**Task**
Without any pictures, print the lines below from the one that has "Hammock With Stand, V-Shaped" through the one that has "The image shows", exactly and nothing else.

**Provided data**
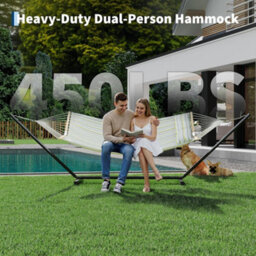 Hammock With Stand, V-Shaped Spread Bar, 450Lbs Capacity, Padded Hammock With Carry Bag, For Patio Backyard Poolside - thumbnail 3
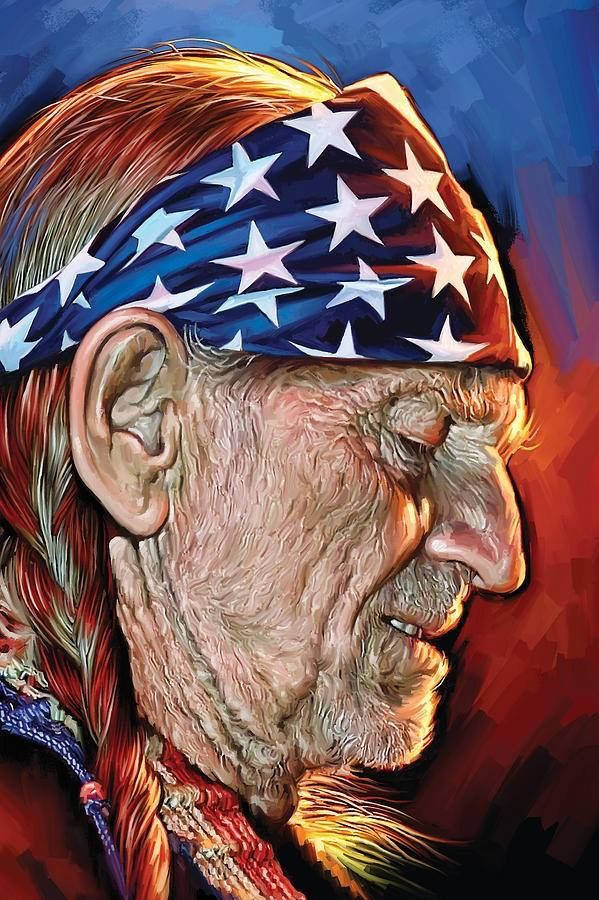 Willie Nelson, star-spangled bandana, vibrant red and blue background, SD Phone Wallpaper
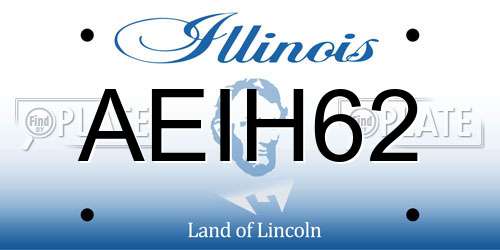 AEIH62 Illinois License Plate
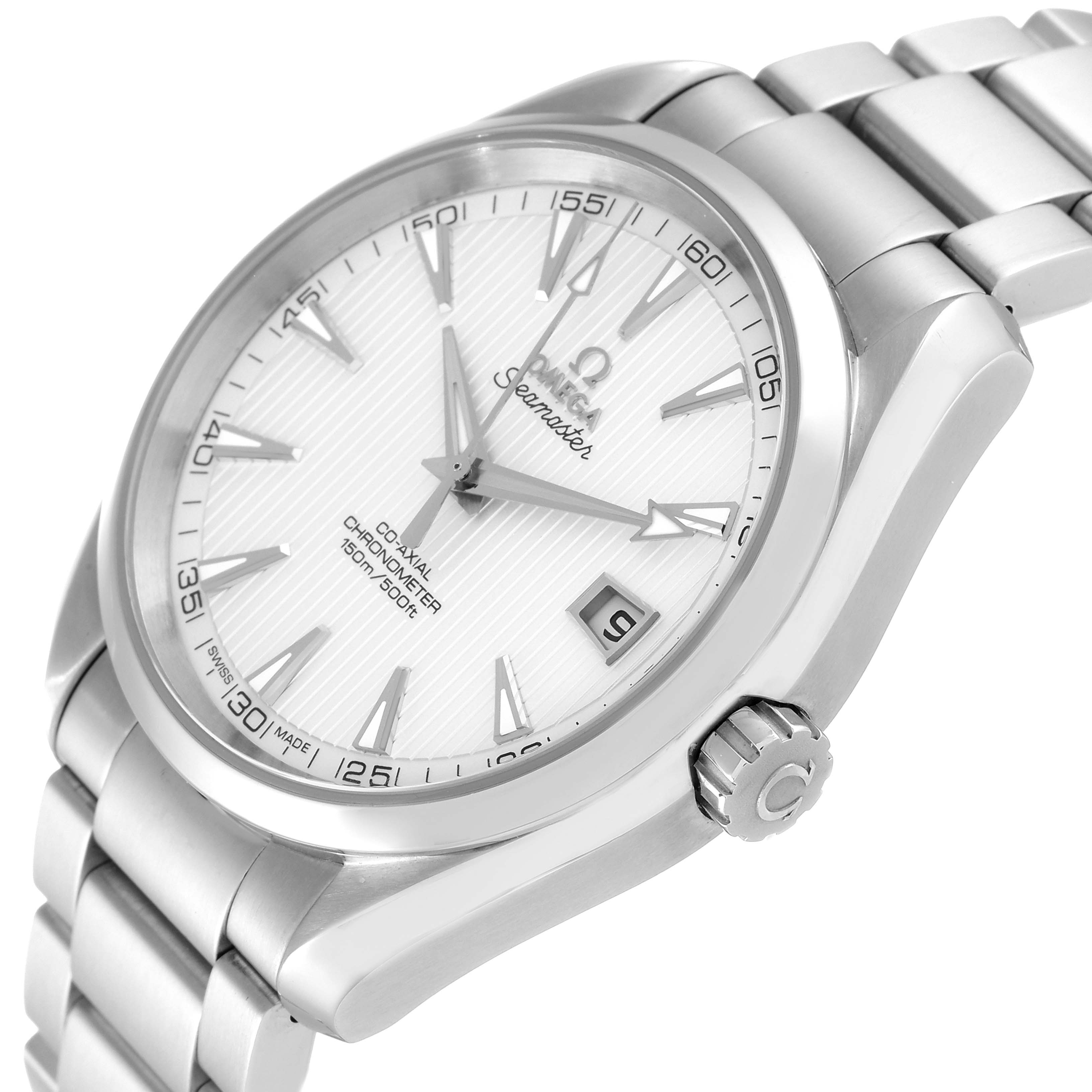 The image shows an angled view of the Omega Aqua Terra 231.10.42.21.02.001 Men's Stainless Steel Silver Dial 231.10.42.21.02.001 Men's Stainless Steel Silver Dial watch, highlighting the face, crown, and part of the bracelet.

* * *

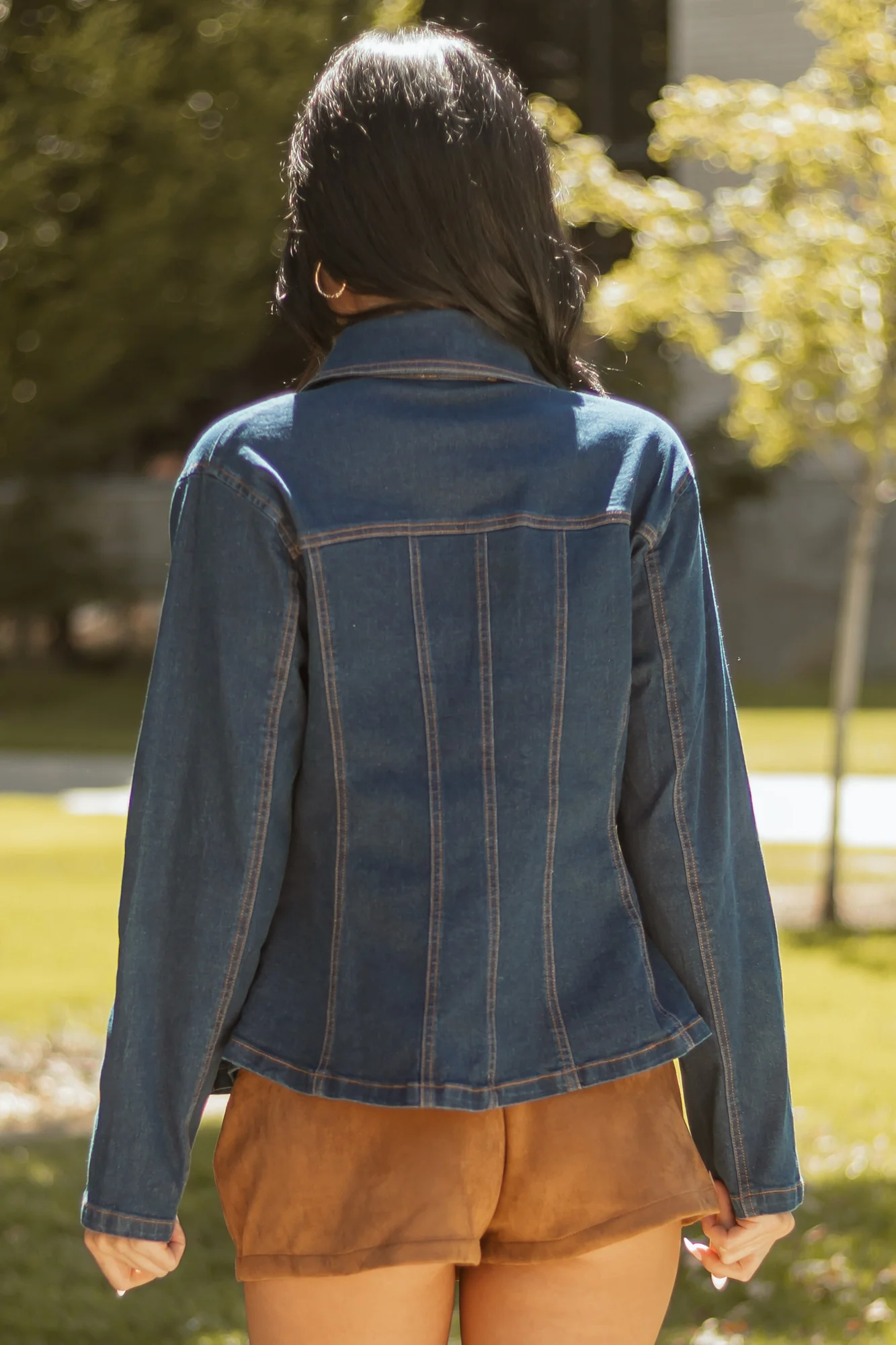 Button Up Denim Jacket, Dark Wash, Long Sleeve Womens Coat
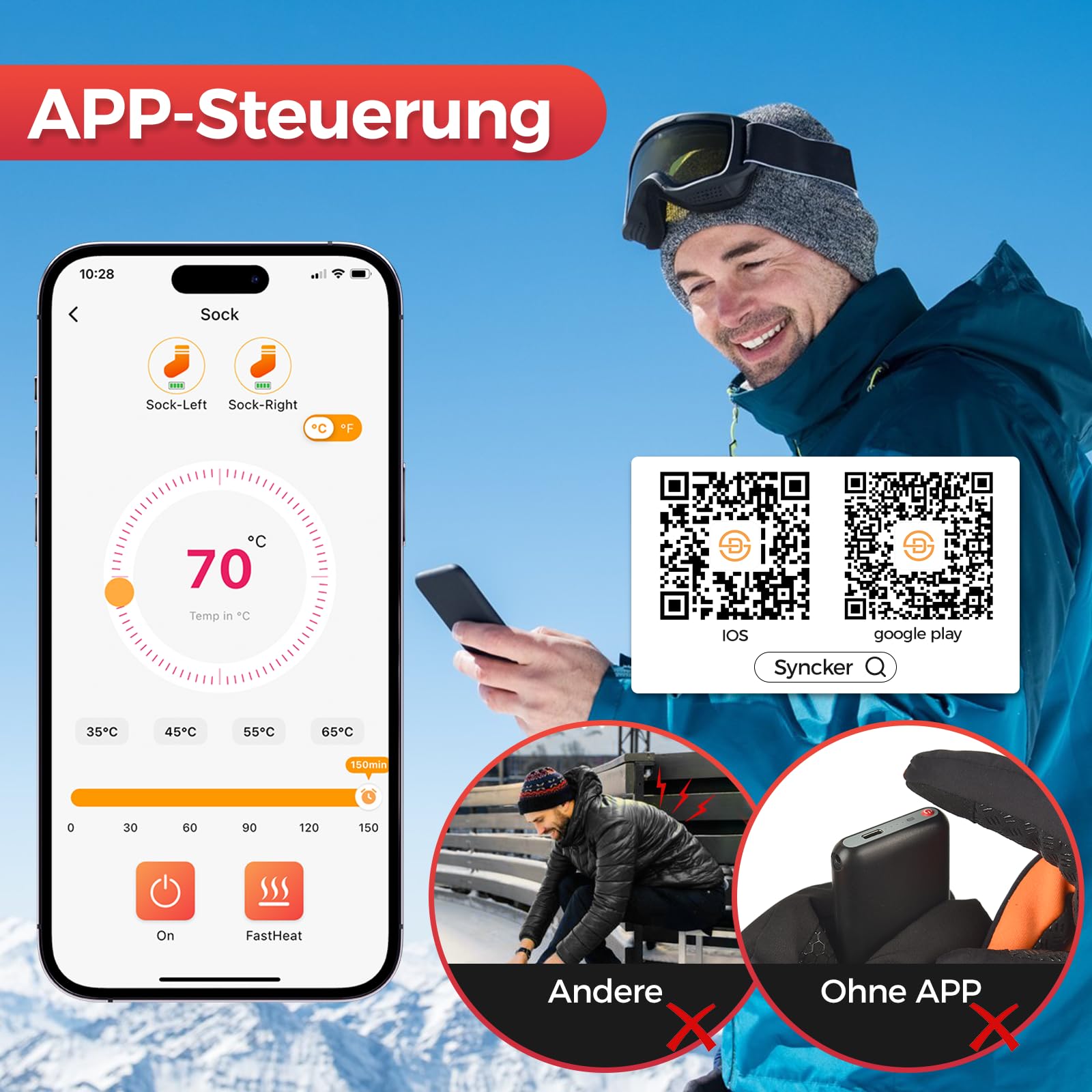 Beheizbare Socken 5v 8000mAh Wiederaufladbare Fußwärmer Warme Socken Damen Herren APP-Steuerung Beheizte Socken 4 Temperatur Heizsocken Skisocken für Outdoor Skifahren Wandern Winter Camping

**Your solution**
 Hammock With Stand, V-Shaped Spread Bar, 450Lbs Capacity, Padded Hammock With Carry Bag, For Patio Backyard Poolside - thumbnail 3
 Willie Nelson, star-spangled bandana, vibrant red and blue background, SD Phone Wallpaper
 AEIH62 Illinois License Plate
 The image shows an angled view of the Omega Aqua Terra 231.10.42.21.02.001 Men's Stainless Steel Silver Dial 231.10.42.21.02.001 Men's Stainless Steel Silver Dial watch, highlighting the face, crown, and part of the bracelet.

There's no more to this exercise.